P1140204On the top left is an automotive work light, and to the right are cardboard stencils I cut out, along with sheets of tissue paper in different colors. These are used to make white light coming from your flashlight any color you want. Below and to the left is a red laser pointer, a pair of rubber bands, and a small white LED flash light.

That is all you will need. To learn how to harness this information and these materials, check out my other posts, where I will walk you through how to make beam gun, beam sword and Destiny wing effects.
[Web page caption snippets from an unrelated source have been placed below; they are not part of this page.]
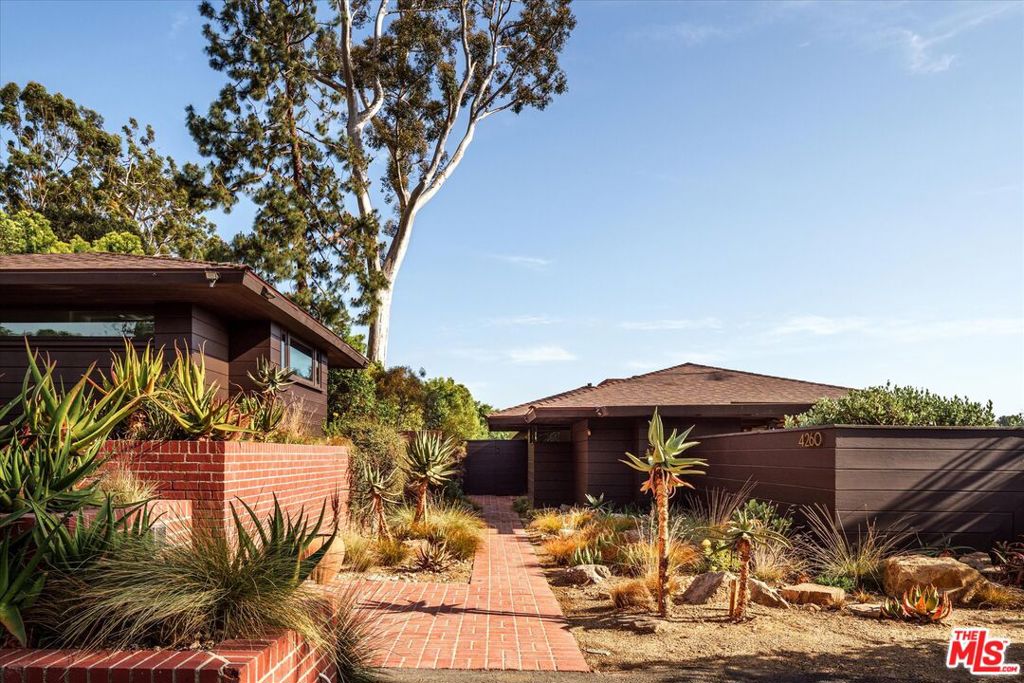 Properties 1 4260 Sea View Lane
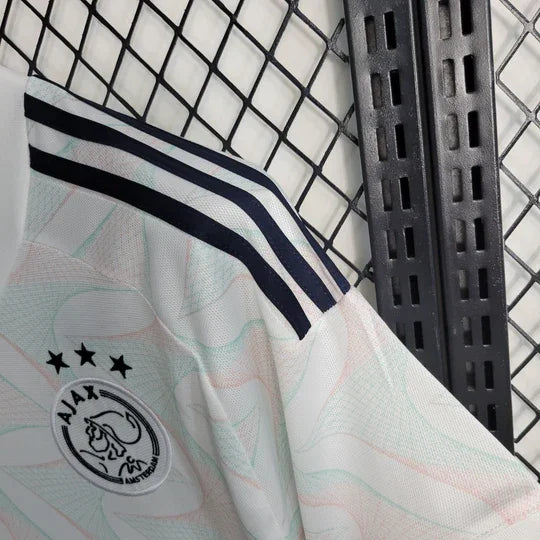 Maillot extérieur Ajax saison 2023-2024 Le 12 -ème Maillot, maillot de football avec logo Ajax et design extérieur.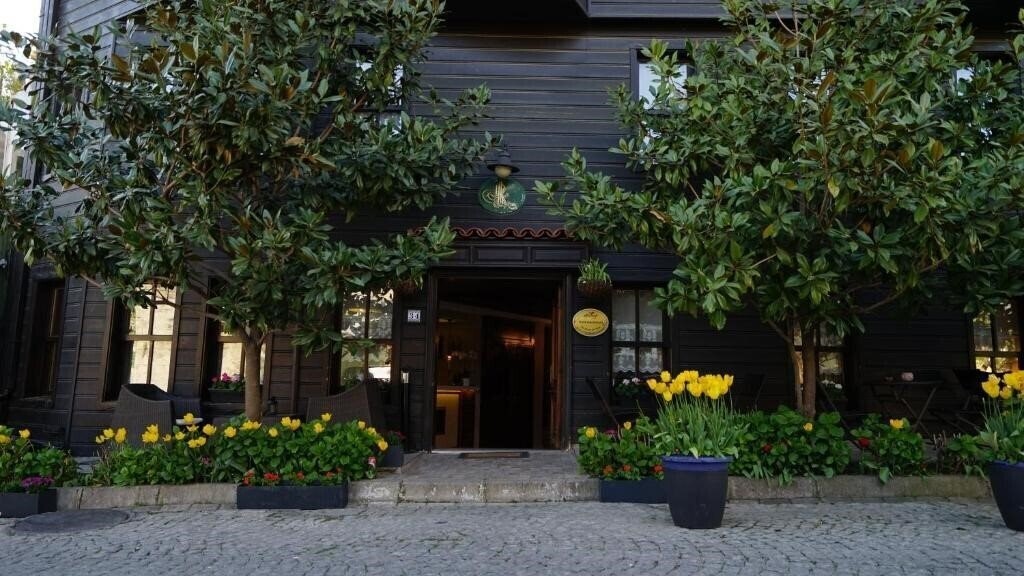 Вид Yusufpasa Konagi Hotel 3*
However, I encourage you to try out light painting and see what effects you can make yourself as well.

Remember, these effects are tricky, so experiment a lot!

A knowledge of photoshop or other editing software will be helpful as well, as you can clean up some of your mistakes, digitally remove stands, or even put in a starry background.
 
StrikeLauncherSwordwStarssrgbI can’t wait to see what other Gunpla lovers come up with when using these light painting photography techniques, so feel free to share!

Thanks again for reading, and stay tuned for Part 2! I’m Adam K, aka AllDaLazurs.

 

Comments

  1. Thank you very much for taking the time to teach us this awesome technique!

  2. An interesting tutorial. I’m tempted to try it out as a well painted kit with these effects and a bit of photoshop could give a pretty decent wallpaper or even a series of photos for various uses. Thanks! I’ll be looking forward for the part two.

    • Yeah, a nice painted kit could look great with this. I figure this technique is all about upping the realism in a different way, so the more realistic your model looks, the better the shot could look.

      • The bazooka (rail gun) effect looks amazing and to tell you the truth, that’s the one that got me curious for more.